> - optimizing algorithms (like knowing that multiplying by 2^n is fast)
I see optimizing algorithms and doing things that are faster by a multiplicative constant due to special shape of our hardware as two very different thing.
I think it's very useful to acquire the concept of invariants, pre- and post-conditions, and contracts. A common way to do so is to learn about some nontrivial data structures. However, an alternative way to learn that is to play around with distributed systems.
Some basic level of optimizing algorithms (being able to estimate what's going to be faster than what, knowing what is practically fast and what isn't, etc.) are useful in pretty obvious ways.
Learning those quirks of hardware that make some things faster is IMO not directly useful (similar to learning what are the limitations of various kinds of SIMD). The only way in which I see that as useful is as part of learning how the layers between what you are writing and logic gates work. Knowledge about some of those layers helps with debugging, and I struggle to describe why I intuitively feel that having a passing knowledge of most of them is useful.

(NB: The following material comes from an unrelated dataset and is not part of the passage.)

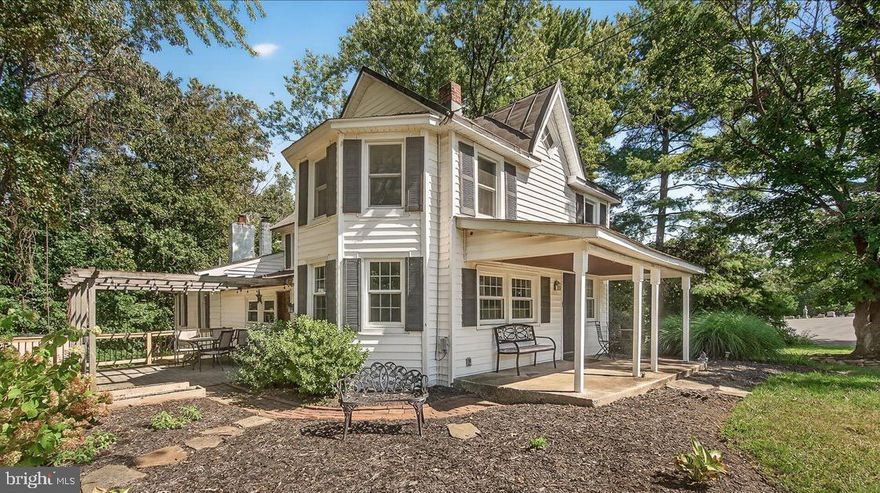 Prime opportunity to own this picturesque property perched on 1.31 acres! Charm shines throughout this historic home showcasing exquisite wood floors, wood beam highlights, oversized living room with stunning stone fireplace and updated kitchen tastefully blended between country and cozy. Stainless steel apllianes and granite counters surroubd the butcher block island!  The character abounds with features like orginal cozy ceiling heights, tin roof  and wood ceiling front porch. Cultivated yard to include hardscaping, fire pit, and fencing! Pergola covered paver patio and deck! Fantastic for entertaining or just relaxing.  Plenty of space for parking or to build on to! .Beautiful tree surrounds backing to Morgan Run. Located within the perfect distance of town-with easy access to amenities, shopping, restaurants, top rated schools, and numerous activities at parks like Piney Run and Liberty Reservoir. 312 Klees Mill is still moments from main artery travel routes like 26, 32, 97and 70. while being tucked away in a rural peaceful setting.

@b0rk Unless these were BigIntegers, I'd be very surprised, because n couldn't have been larger than 64.
I think it's marginally useful to know that multiplying by a power of 2 is special. I think it's more useful to know how numbers are represented and thus which things are necessarily expensive and which are potentially cheap on such representations. (For BigInts, the existence of cheap shift instruction is probably lost in the rounding error when you compare actually doing repeated big-with-small multiplications with shitfing.)
@robryk i wrote a blog post about it here, it's because java.lang.Math.pow is slow https://jvns.ca/blog/2015/09/10/a-millisecond-isnt-fast-and-how-we-fixed-it/
Ah, I forgot FP exists and that pow() accepts non-interger exponents. I wonder how much of the gain would remain if (1 << mj) was rather a loop (I would guess most of it on logscale).
@robryk yea agreed
@robryk when I wrote that I was thinking of the time when I was using a library that was spending 95% of its time multiplying by 2^n (because it was using a very slow Java exponentiation method). we replaced it with `x << n` and the code got a lot faster with a 1-line change.